(RECORDS TO USE)
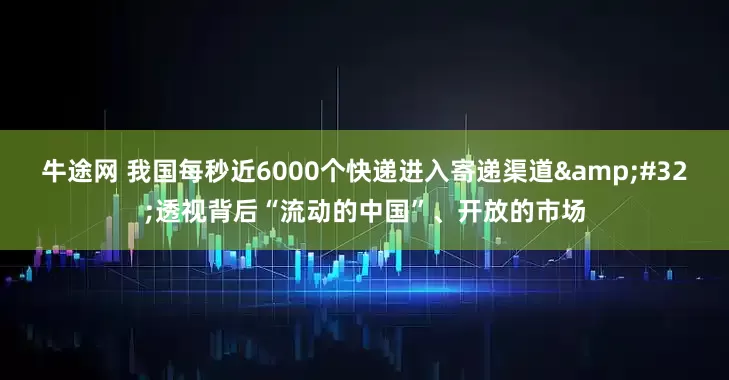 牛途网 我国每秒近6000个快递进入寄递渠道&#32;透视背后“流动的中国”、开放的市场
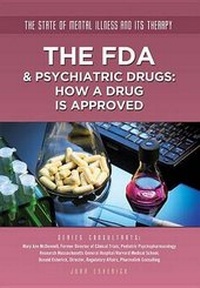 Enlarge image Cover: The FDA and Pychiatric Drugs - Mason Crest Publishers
(End RECORDS TO USE)
(RECORDS TO USE)
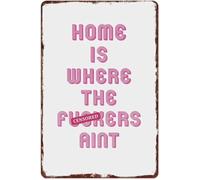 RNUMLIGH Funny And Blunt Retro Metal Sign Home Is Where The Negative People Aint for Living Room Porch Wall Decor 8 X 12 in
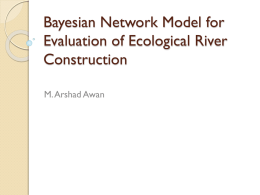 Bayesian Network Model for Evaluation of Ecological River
(End RECORDS TO USE)
* _WHAT YOU HAVE TO DO_:
From the listing above, please give again the lines that begin with the line holding "牛途网 我国每秒近6000个" and go on through the line holding "Enlarge image Cover: The", exactly, both ends included, minus any picture.

* _SOLVED PROBLEM_:
 牛途网 我国每秒近6000个快递进入寄递渠道&#32;透视背后“流动的中国”、开放的市场
 Enlarge image Cover: The FDA and Pychiatric Drugs - Mason Crest Publishers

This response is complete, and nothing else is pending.